Jonna Tilgner ist Deutsche Juniorenmeisterin

 (27.08.2006)
Jonna Tilgner ist Deutsche Juniorenmeisterin über 400mH rolex replica watches rolex replica www.rabanwatch.com
Überaus erfolgreich kehrte das Bremer Leichtathletik Team (BLT) von den Deutschen Juniorenmeisterschaften in Bautzen zurück. Während Catharina Reppin am Samstag im Weitsprung Platz 6 eroberte, gewann Jonna Tilgner am Sonntag gar den Titel über 400m Hürden.

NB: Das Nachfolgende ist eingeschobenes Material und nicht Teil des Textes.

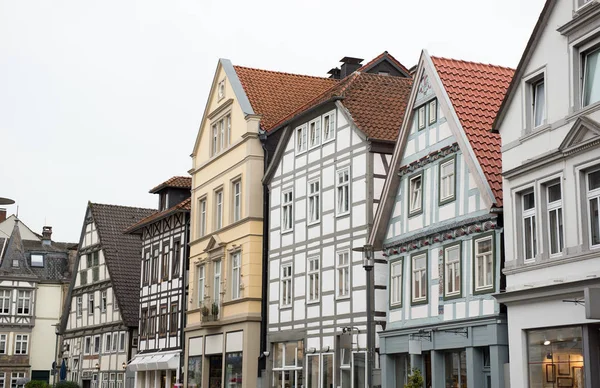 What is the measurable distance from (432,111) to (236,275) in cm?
1547

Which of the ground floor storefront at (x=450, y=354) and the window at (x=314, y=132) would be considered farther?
the window at (x=314, y=132)

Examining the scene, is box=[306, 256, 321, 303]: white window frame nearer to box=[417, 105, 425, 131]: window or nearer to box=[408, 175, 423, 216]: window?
box=[408, 175, 423, 216]: window

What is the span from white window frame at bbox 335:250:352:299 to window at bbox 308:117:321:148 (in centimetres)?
468

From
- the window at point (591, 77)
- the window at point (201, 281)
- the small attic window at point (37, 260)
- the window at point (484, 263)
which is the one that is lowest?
the window at point (484, 263)

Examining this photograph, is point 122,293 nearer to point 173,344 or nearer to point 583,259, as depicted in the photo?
point 173,344

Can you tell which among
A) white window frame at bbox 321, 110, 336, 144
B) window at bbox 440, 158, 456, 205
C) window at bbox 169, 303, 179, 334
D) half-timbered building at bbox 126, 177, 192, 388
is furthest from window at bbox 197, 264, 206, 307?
window at bbox 440, 158, 456, 205

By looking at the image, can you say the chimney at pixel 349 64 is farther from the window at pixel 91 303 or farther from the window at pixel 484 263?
the window at pixel 91 303

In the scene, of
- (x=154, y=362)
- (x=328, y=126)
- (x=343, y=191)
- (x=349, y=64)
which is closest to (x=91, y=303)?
(x=154, y=362)

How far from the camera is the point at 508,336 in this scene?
24344mm

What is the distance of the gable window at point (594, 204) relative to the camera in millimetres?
21125

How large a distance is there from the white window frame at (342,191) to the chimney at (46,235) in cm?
5341

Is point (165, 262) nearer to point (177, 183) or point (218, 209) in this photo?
point (177, 183)

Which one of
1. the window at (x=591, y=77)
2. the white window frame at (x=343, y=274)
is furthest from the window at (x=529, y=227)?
the white window frame at (x=343, y=274)

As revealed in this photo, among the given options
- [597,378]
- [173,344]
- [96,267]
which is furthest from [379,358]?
[96,267] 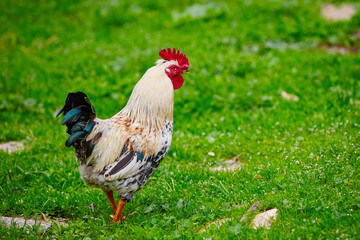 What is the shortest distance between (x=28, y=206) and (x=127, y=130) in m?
1.64

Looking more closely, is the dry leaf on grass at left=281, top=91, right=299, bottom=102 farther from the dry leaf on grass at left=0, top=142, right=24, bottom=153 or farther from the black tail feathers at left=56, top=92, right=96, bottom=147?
the dry leaf on grass at left=0, top=142, right=24, bottom=153

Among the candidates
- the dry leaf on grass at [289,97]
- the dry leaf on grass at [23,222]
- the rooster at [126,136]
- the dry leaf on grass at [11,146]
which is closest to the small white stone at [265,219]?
the rooster at [126,136]

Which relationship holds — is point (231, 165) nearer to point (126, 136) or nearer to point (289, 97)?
point (126, 136)

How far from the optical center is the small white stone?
3963mm

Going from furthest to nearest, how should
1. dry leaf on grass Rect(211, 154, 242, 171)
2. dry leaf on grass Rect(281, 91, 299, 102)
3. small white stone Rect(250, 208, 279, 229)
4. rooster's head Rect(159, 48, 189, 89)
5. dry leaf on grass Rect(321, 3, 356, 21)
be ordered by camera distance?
dry leaf on grass Rect(321, 3, 356, 21) < dry leaf on grass Rect(281, 91, 299, 102) < dry leaf on grass Rect(211, 154, 242, 171) < rooster's head Rect(159, 48, 189, 89) < small white stone Rect(250, 208, 279, 229)

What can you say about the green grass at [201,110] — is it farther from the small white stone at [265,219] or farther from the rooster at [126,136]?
the rooster at [126,136]

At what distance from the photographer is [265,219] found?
13.3 feet

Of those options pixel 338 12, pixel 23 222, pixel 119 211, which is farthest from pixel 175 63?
pixel 338 12

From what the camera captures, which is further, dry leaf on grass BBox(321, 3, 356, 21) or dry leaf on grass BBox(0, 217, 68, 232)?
dry leaf on grass BBox(321, 3, 356, 21)

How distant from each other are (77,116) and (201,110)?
3.65 metres

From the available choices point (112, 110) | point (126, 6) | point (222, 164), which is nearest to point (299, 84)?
point (222, 164)

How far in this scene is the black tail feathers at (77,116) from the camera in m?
3.98

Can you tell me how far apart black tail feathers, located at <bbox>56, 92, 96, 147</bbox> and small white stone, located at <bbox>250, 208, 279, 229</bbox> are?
79.6 inches

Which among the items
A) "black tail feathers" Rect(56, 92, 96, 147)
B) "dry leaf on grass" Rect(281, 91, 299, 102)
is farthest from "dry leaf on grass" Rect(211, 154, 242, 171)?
"black tail feathers" Rect(56, 92, 96, 147) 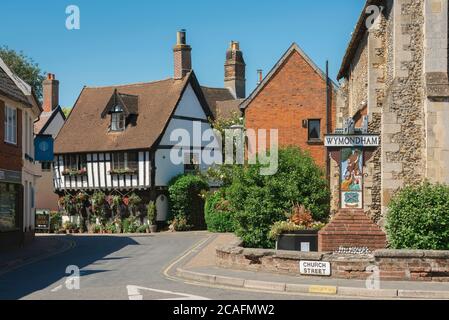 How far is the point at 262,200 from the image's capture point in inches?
897

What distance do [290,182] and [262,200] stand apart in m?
1.30

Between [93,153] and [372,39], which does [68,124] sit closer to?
[93,153]

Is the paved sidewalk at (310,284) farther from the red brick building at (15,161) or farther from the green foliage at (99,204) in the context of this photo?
the green foliage at (99,204)

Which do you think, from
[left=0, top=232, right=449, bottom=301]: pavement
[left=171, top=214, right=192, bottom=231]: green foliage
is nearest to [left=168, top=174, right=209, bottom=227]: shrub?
[left=171, top=214, right=192, bottom=231]: green foliage

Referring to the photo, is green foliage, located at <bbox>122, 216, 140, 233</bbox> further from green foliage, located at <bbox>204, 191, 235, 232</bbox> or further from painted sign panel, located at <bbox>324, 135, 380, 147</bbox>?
painted sign panel, located at <bbox>324, 135, 380, 147</bbox>

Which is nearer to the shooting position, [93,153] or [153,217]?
[153,217]

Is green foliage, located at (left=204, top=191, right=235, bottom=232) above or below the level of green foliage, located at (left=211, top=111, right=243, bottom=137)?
below

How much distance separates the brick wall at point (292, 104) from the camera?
3872 centimetres

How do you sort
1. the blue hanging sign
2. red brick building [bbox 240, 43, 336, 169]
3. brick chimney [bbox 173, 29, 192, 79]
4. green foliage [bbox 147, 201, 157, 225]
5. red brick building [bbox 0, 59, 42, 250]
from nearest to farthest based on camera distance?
red brick building [bbox 0, 59, 42, 250], the blue hanging sign, red brick building [bbox 240, 43, 336, 169], green foliage [bbox 147, 201, 157, 225], brick chimney [bbox 173, 29, 192, 79]

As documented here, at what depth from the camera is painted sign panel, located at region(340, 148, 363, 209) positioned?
59.7ft

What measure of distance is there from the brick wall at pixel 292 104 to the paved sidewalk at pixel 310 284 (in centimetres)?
2097

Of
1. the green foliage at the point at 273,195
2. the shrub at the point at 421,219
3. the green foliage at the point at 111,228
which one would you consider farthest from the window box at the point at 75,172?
the shrub at the point at 421,219

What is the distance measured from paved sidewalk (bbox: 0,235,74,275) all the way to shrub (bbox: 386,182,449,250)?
10308mm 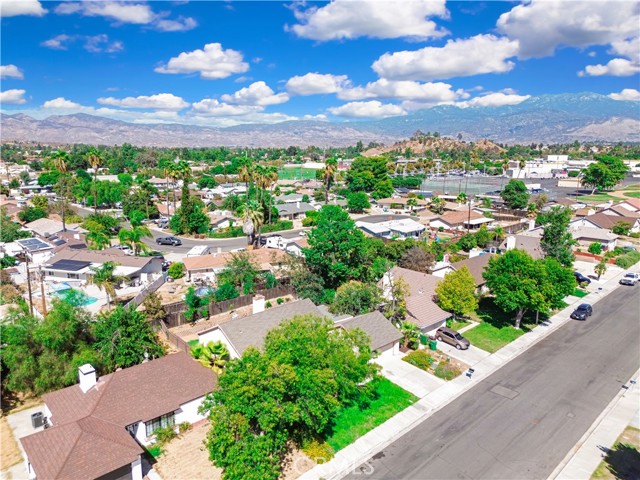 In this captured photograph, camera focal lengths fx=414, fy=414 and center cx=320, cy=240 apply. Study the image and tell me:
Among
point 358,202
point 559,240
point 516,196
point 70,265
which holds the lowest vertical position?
point 70,265

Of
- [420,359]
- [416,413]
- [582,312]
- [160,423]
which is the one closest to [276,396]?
[160,423]

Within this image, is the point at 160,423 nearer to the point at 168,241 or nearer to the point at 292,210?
the point at 168,241

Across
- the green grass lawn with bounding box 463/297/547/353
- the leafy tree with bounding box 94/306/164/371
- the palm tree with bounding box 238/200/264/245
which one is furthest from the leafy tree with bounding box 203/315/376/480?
the palm tree with bounding box 238/200/264/245

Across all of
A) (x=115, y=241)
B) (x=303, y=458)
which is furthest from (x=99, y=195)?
(x=303, y=458)

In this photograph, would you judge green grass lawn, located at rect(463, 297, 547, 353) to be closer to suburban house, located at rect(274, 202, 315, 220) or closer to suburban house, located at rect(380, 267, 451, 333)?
suburban house, located at rect(380, 267, 451, 333)

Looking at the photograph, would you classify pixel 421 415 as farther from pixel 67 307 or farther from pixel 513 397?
pixel 67 307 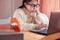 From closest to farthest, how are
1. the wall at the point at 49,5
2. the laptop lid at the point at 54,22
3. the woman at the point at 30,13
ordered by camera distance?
1. the laptop lid at the point at 54,22
2. the woman at the point at 30,13
3. the wall at the point at 49,5

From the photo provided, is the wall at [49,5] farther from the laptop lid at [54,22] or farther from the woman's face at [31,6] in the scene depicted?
the laptop lid at [54,22]

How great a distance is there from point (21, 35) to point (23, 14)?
1.63m

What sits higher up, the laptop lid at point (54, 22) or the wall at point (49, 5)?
the wall at point (49, 5)

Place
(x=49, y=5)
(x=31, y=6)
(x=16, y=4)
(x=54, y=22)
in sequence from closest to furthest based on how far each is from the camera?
(x=54, y=22) → (x=31, y=6) → (x=49, y=5) → (x=16, y=4)

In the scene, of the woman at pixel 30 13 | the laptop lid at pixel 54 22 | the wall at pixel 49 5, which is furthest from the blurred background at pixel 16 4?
the laptop lid at pixel 54 22

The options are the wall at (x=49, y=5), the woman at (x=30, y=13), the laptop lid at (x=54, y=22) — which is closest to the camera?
the laptop lid at (x=54, y=22)

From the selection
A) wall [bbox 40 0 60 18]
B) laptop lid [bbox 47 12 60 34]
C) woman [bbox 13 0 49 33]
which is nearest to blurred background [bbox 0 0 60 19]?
wall [bbox 40 0 60 18]

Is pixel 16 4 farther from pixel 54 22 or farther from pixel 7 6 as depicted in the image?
pixel 54 22

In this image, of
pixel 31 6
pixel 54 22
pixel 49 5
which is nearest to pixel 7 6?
pixel 49 5

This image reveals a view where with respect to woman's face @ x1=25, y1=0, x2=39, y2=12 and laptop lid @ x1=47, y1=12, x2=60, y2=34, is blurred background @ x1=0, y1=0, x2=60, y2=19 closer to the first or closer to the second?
woman's face @ x1=25, y1=0, x2=39, y2=12

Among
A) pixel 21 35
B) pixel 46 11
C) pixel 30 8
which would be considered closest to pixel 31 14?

Mit diesem Sieg krönte die 22-Jährige eine überragende Saison, die mit dem Länderkampfsieg im Juni in Polen ihren ersten Höhepunkt hatte, der dann im Juli in Ulm mit Platz 4 bei den Deutschen Meisterschaften und persönlicher Bestzeit von 57,57sec noch übertroffen wurde und die jetzt mit dem Gewinn der Deutschen Juniorenmeisterschaft ihren Abschluss fand.
Nachdem Tilgner (VfB Komet) bereits im Vorlauf mit 57,92sec und dem zweitschnellsten Lauf ihrer Karriere ihre auch am Saisonende immer noch ausgezeichnete Form unterstrich, verhinderte böiger Gegenwind auf der Gegengeraden im Endlauf eine noch bessere Zeit. 58,41sec und mehr als zwei Sekunden Vorsprung vor der Zweitplatzierten zeugen jedoch von der Dominanz der Neubremerin. „Letztes Jahr habe ich noch mit dem Gedanken gespielt, aufzuhören, und jetzt bin ich Deutsche Meisterin“, jubelte die Psychologiestudentin nach dem Zieleinlauf. „In der Tat hat in unserem ersten Jahr einfach alles zusammen gepasst, menschlich und sportlich. Es macht unglaublich viel Spaß, mit Jonna zu arbeiten“, schwärmt Trainer Ellrott von seinem Neuzugang.
Mit ihren 57,57sec von den Deutschen Meisterschaften in Ulm ist Tilgner Deutschlands schnellste Juniorin seit 2001 - die Aussichten sind also rosig. „Im Winter steht die Verbesserung der 200m und 400m Flachzeiten im Vordergrund, und im nächsten Jahr möchte ich dann unter 57 Sekunden laufen“, hat Tilgner ihre Ziele für 2007 bereits klar im Visier.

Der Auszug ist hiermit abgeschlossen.